High school and college baseball all get started in early February. Little League gets going sometime in March and Major League Baseball usually gets going that first week in April. Each celebrates the first day of the season.
In college I made a point to get down to the Dome on Opening Day. If the Astros weren’t home, then I went to the home opener (we also always made it out a day or two later for magnetic calendar night -- very important). The tradition was always the same. It didn’t matter where I was sitting down for the first MLB game of the year, I always had a dog. Sometimes it was a “Dome Dog,” sometimes it was a dog cooked in my kitchen and for the last five years it has been a hot dog at “Fat Boys.”
For 14 years, opening day was also the start of what was to be another championship season for the Atlanta Braves. From 1992 to 2006, the Braves opened the season the same way, by unveiling the championship banner from the previous season. It became old hat.

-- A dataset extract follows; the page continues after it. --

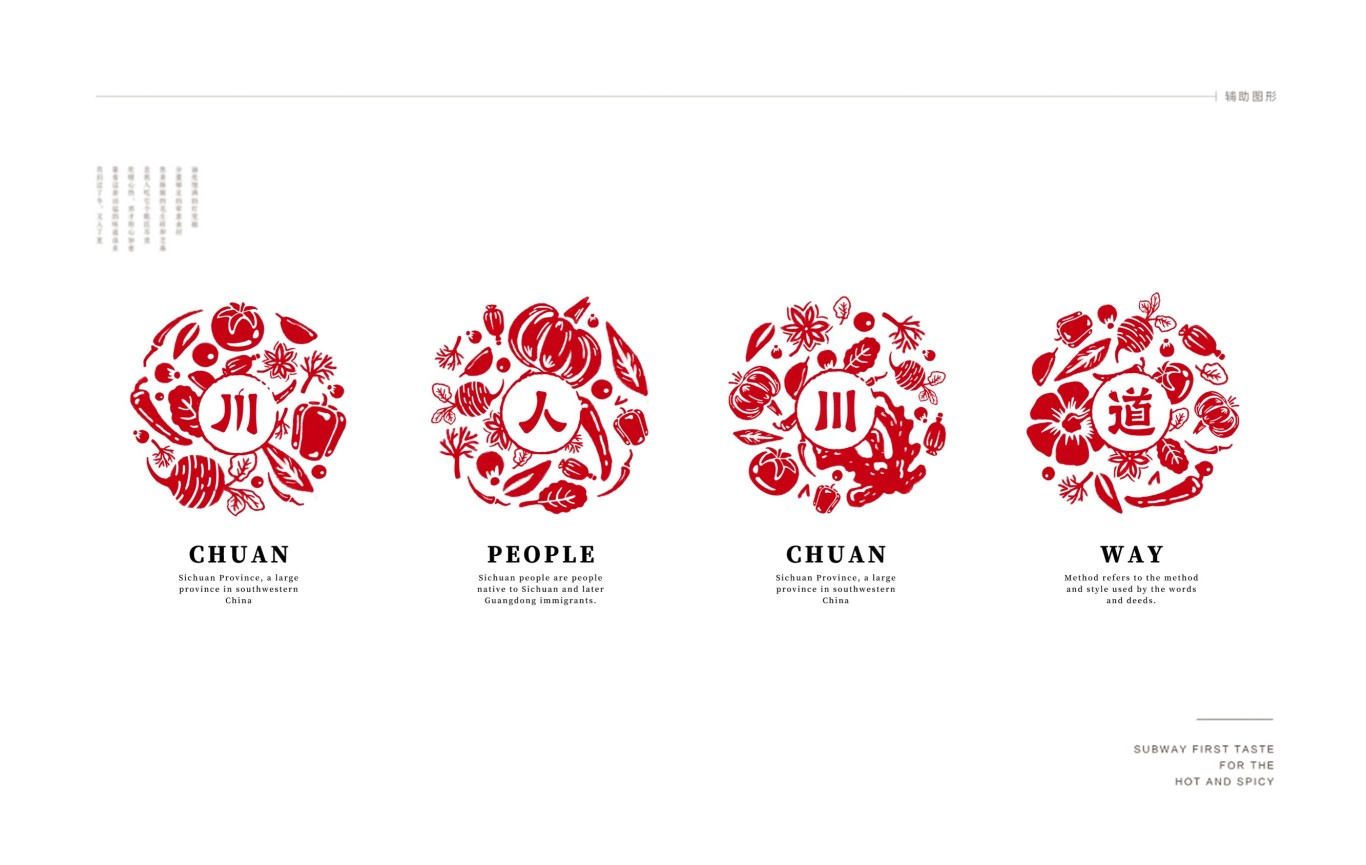 武汉鱼尾狮餐饮集团旗下品牌，川人川道VI升级图3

You started to take it for granted.
Opening day was always a great day for the Royals, Orioles, Pirates and Cubs fans, because there was the optimism. “Maybe this is going to be the year.” Opening Day for me was always me laughing at the experts who were predicting this was going to be the year a different team won the East. I knew they were going to be wrong. That was one of the joys of Opening Day. While most people’s season was going to be over by late July, I knew I was going to be rolling strong well into October.
The last few years have been a different story. Things have changed a bit in baseball and the Braves have not been part of the postseason. As a result, Opening Day didn’t have that same luster as in the past. There was no banner being hung at Turner Field. The question being asked now has been, are the Braves going to get back to the playoffs. As good as the Phillies (and Mets to an extent) have been, it was easy to see the answer was probably "no."
Monday however was a little different. No banner was being hung at Turner Field and the Phillies are pretty much considered the best team in the National League. So why did I feel an extra sense of excitement going into Monday? The Braves have had a good spring, but they usually do. No real big free agents came in during the offseason (Billy Wagner is a nice addition, but nothing to get overly excited about). Chipper is coming off a season where his batting average had dropped 100 points from the season before.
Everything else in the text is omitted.